Long-running Redshift transaction from Ruby

I run several sql statements in a transaction using Ruby pg gem. The problem that I bumped in is that connection times out on these queries due to firewall setup. Solution proposed here does not work, because it requires jdbc connections string, and I'm in Ruby (jRuby is not an option). Moving driver program to AWS to remove firewall is not an option either.

The code that I have is along the following lines:

conn = RedshiftHelper.get_redshift_connection
begin
  conn.transaction do
    # run my queries
  end
ensure
  conn.flush
  conn.finish
end

I'm now looking into PG asynchronous API. I'm wondering if I can use is_busy to prevent firewall from timing out, or something to that effect. I can't find good documentation on the topic though. Appreciate any hints on that.

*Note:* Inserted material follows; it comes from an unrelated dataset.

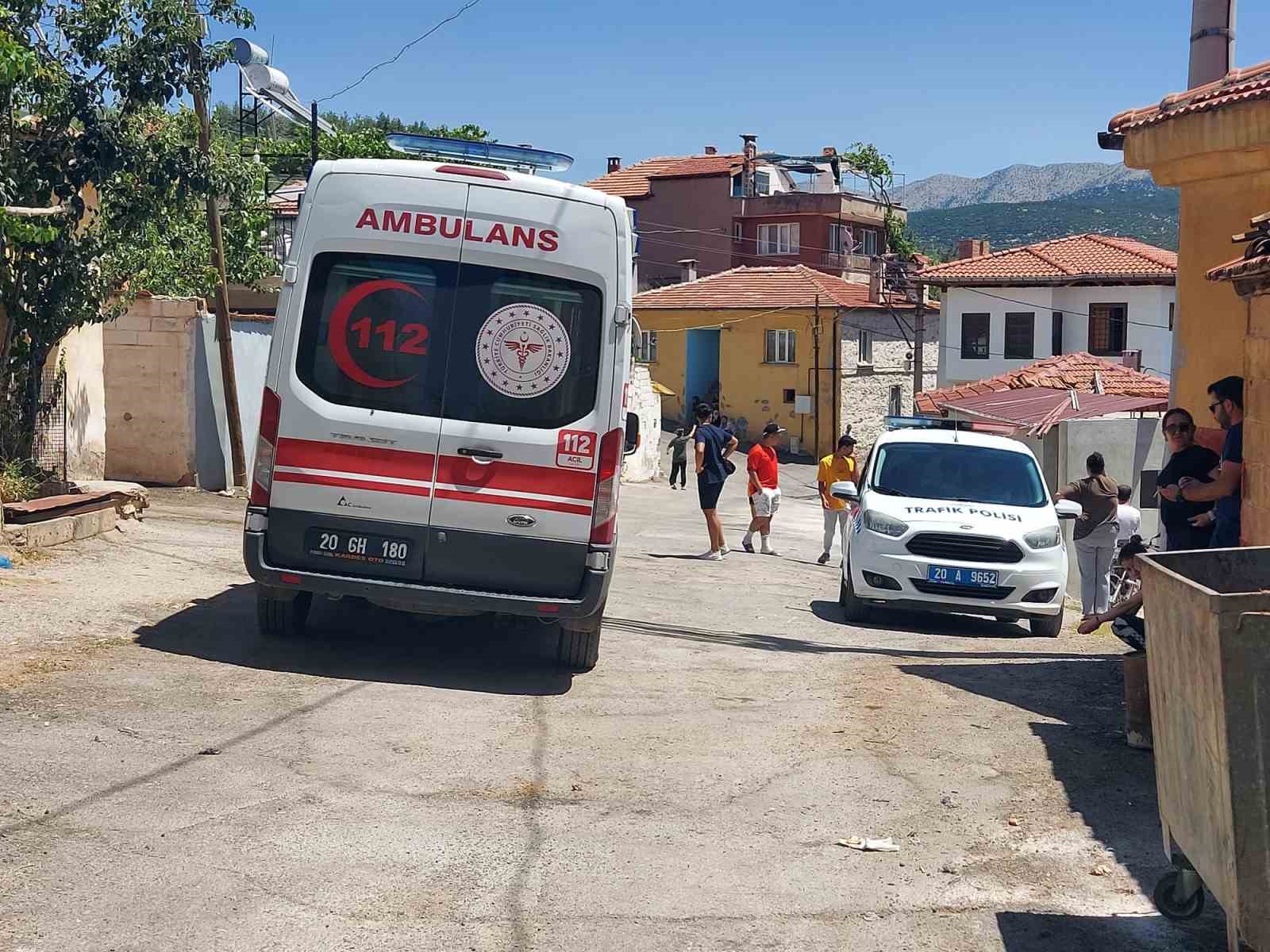Cinnet getiren şahıs eşi ve 4 yaşındaki üvey oğlunu öldürdü OLAY, TAVAS İLÇESİNE BAĞLI YAKA MAHALLESİ’NDE MEYDANA GELDİ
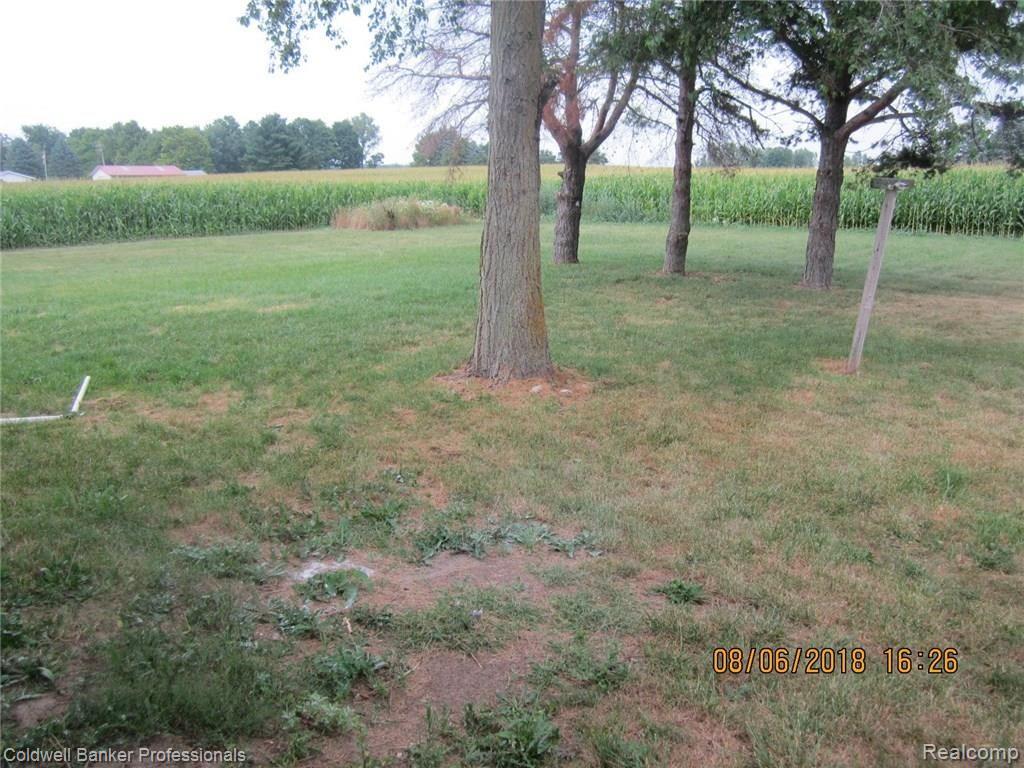 8430 Jefferson Road North Branch, MI 48461 - Photo 6 of 14 8430 Jefferson (17).JPG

PS: I have solved this problem for a single query - I can trigger it asynchronously and track its completion using system STV_INFLIGHT Redshift table.Transaction does not work this way as I have to keep connection open.

Solution

Ok, I nailed it down. Here are the facts:

Redshift is based on Postgres 8.0. To check that, connect to Redshift instance using psql and see that it says "server version 8.0"
Keepalive requests are specified on the level of tcp socket (link).
Postgres 8.0 does not support keepalive option when specifying a connection string (link to 9.0 release changes, section E.19.3.9.1 on libpq)
PG gem in Ruby is a wrapper about libpq

Based on the facts above, tcp keepalive is not supported by Redshift. However, PG allows you to retrieve a socket that is used in the established connection. This means that even though libpq does not set keepalive feature, we still can use it manually. The solution thus:

 class Connection

      attr_accessor :socket, :pg_connection

      def initialize(conn, socket)
        @socket = socket
        @pg_connection = conn
      end

      def method_missing(m, *args, &block)  
        @pg_connection.send(m, *args, &block)
      end        

      def close
        @socket.close
        @pg_connection.close
      end

      def finish
        @socket.close
        @pg_connection.close
      end
    end     

def get_connection
      conn = PGconn.open(...)
      socket_descriptor = conn.socket
      socket = Socket.for_fd(socket_descriptor)
      # Use TCP keep-alive feature
      socket.setsockopt(Socket::SOL_SOCKET, Socket::SO_KEEPALIVE, 1)
      # Maximum keep-alive probes before asuming the connection is lost
      socket.setsockopt(Socket::IPPROTO_TCP, Socket::TCP_KEEPCNT, 5)
      # Interval (in seconds) between keep-alive probes
      socket.setsockopt(Socket::IPPROTO_TCP, Socket::TCP_KEEPINTVL, 2)
      # Maximum idle time (in seconds) before start sending keep-alive probes
      socket.setsockopt(Socket::IPPROTO_TCP, Socket::TCP_KEEPIDLE, 2)
      socket.autoclose = true
      return Connection.new(conn, socket)
 end

The reason why I introduce a proxy Connection class is because of Ruby tendency to garbage-collect IO objects (like sockets) when they get out of scope. This means that we now need connection and socket to be in the same scope, which is achieved through this proxy class. My Ruby knowledge is not deep, so there may be a better way to handle the socket object.

This approach works, but I would be happy to learn if there are better/cleaner solutions.